Pretty? Pretty? What exactly makes one look pretty when one is riding? Is it the dusty hands covered in scurf after some time spent with the horses on the ground, giving them some strokes? Is it the streak of half-chewed-God-knows-what that Rebel smeared on my Tshirt while I was bridling him? Is it the red face that results from thirty minutes straight of flat work? Perhaps it’s my plaits flapping up and down as I rise in the trot, or is it the entire rest of my head plastered with sweat— oh, I forgot, ladies don’t sweat, we glow. No? Surely, then, it’s how hottt I look on the bus ride home, stinking of sweat and horse, face covered in dirt, fingernails black from my stylish riding gloves?
Okay, there’s couple of things going on here.
A) Taking it personally. My besetting sin.

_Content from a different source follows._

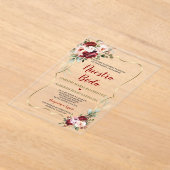 Burgundy Blush Floral Fall Spanish Nuestra Boda Acryleinladungen (Ablage )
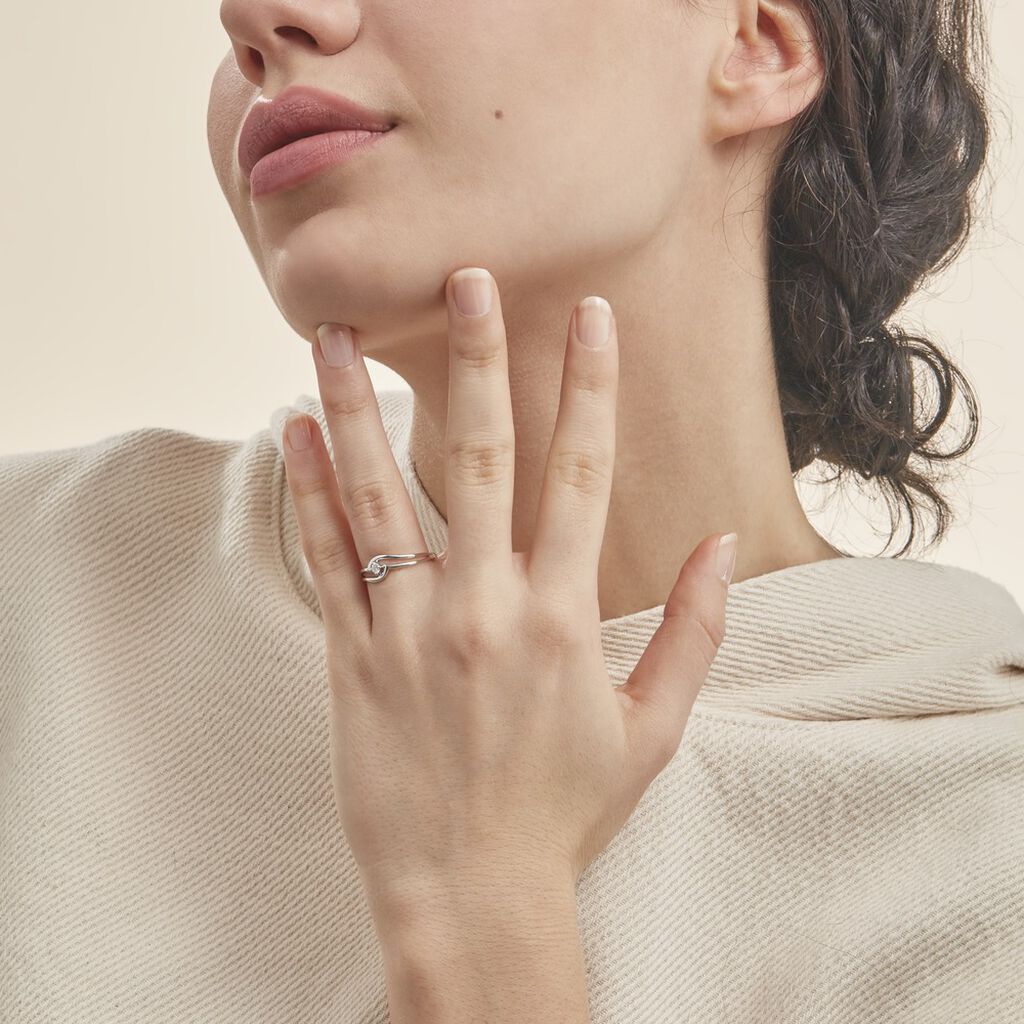 Bague Onenn Or Blanc Diamant - Bagues solitaires Femme | Histoire d’Or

B) There is no B. I took it personally, because I had phrased a query that might have been taken to be criticism of the instructor, and the first rule of Pony Club is not as simple as ‘Don’t Talk about Pony Club’, but rather ‘Shut Up Altogether’. Shut up and don’t question, or if a question is posed, then the demeanor must be meek. I was feeling stroppy, and hey, looks like someone else was operating under the influence of point A as well. Fine.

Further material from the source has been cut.